With the loss of real cinema - and theatre - over lockdown, most of us have had to find our entertainment via alternative sources. My most recent screen pleasure is the hit French comedy-drama Call My Agent. It's a scream.
et in a Parisian talent agency, which manages those in the performing arts, it's a back-stabbing, tempestuous, poignant and sophisticated story of four leading agents who have to placate, schmooze, promote and sometimes lie outrageously to their nervy and temperamental clients.
Actors of both genders are presented like highly-strung racehorses who might be upset by the slightest contretemps, might throw a tantrum about not being served the right kind of Himalayan flower tea and are childishly grateful for applause. (Just about describes us all, really).
Sportingly, renowned actors - only one famous name has refused - are willing to send themselves up, and expose their fragilities, too: each episode features a star such as Juliette Binoche, Sigourney Weaver, Julie Gayet (former President Hollande's girlfriend).
The fictional talent agency was founded by one Samuel Kerr, so it's called ASK (Agence Samuel Kerr), but he expires in the first episode, allegedly from swallowing a wasp in Brazil.
This leaves the four partner agents in charge: Mathias (Thibault de Montalembert), a father-figure with a complicated private life; Andrea (Camille Cottin), the most predatory and stylish lesbian since Vita Sackville-West; Gabriel (Gregory Montel), a bit of a well-meaning loser; and Arlette (Liliane Rovere), an old-stager always accompanied by her yappy little dog, inappropriately named Jean Gabin - the star who was once a massive presence in old French black-and-white movies.
There's a sweet little ingenue, Camille (Fanny Sidney), who develops into a winning character over the 24 episodes, and a gay assistant Herve (Nicolas Maury), who does an engagingly hilarious, camp act.
The storylines are predicated, of course, on something always going wrong. There's a constant threat that the agency could go out of business (thank heaven it was filmed before Covid, when the threat is a lot less funny), or could be the subject of a takeover.
At one point, a Berlin agency is bidding for it. "The Krauts? It'll be like 1940," one of the characters quips grimly. Forget sentimental ideas of Franco-German solidarity.
Problems with taxation irregularities arise: Andrea, who will stoop to any strategem, seduces the (female) tax auditor, turning on the full blast of her flirtatious charm, although, inevitably, this will not end well.

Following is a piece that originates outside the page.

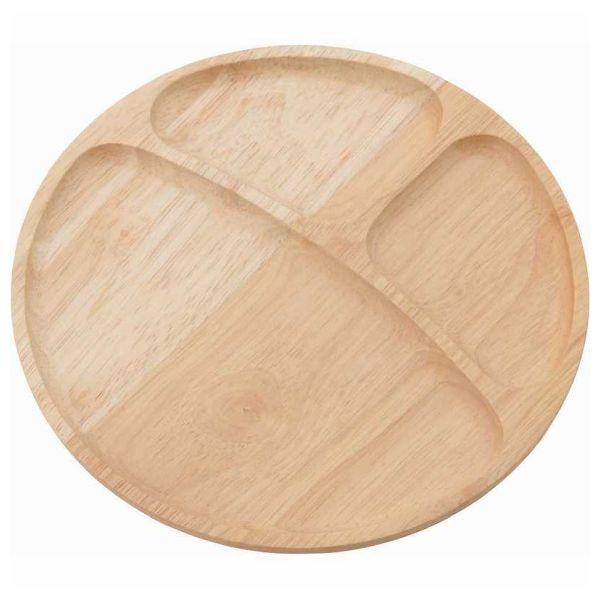 不二貿易 木製 ラウンド ディッシュ 仕切り付 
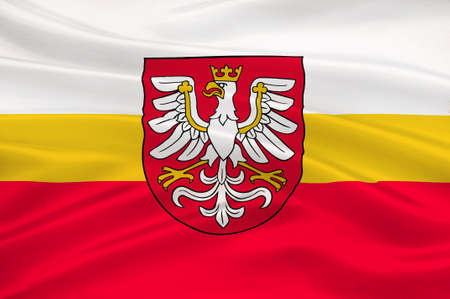 Flag of Lesser Poland Voivodeship or Malopolska Province in southern Poland. 3d illustrationの写真素材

Andrea, an unusual-looking beauty, is not above flirting with, or even seducing, men if it helps her get what she wants - or double-crossing them if she doesn't.
The ethics are rock-bottom, or even non-existent, but it's all done with such a soft touch and in such a spirit of, literally, playfulness, that the show carries it off.
It can be saucy at times, without being porny (a complaint made against a Netflix stablemate, Bridgerton). And then, behind the cynicism, there are the moments touching philosophically on life's vicissitudes.
If a character says "I'm so happy!", you can bet there's a thunderclap coming their way. If an aspiring actress is elated with joy at finally getting a small part in a movie, you know that the scene in which she has invested so much will be cut.
Hopes will be shattered and illusions will be dispelled by brutal reality. Secrets carefully concealed will emerge. And yet, people are essentially resilient and they overcome setbacks.
The main characters backbite, slag each other off, even brawl sometimes - the viewer becomes familiar with French derogatory epithets "salopard!" "connard!", as well as the French version of the F-word, "putain!"
But there is also solidarity between the group and even a family feeling. Andrea's best mate is the nice guy, Gabriel, who is always having to cover up some catastrophe and she runs to him for comfort when things go wrong.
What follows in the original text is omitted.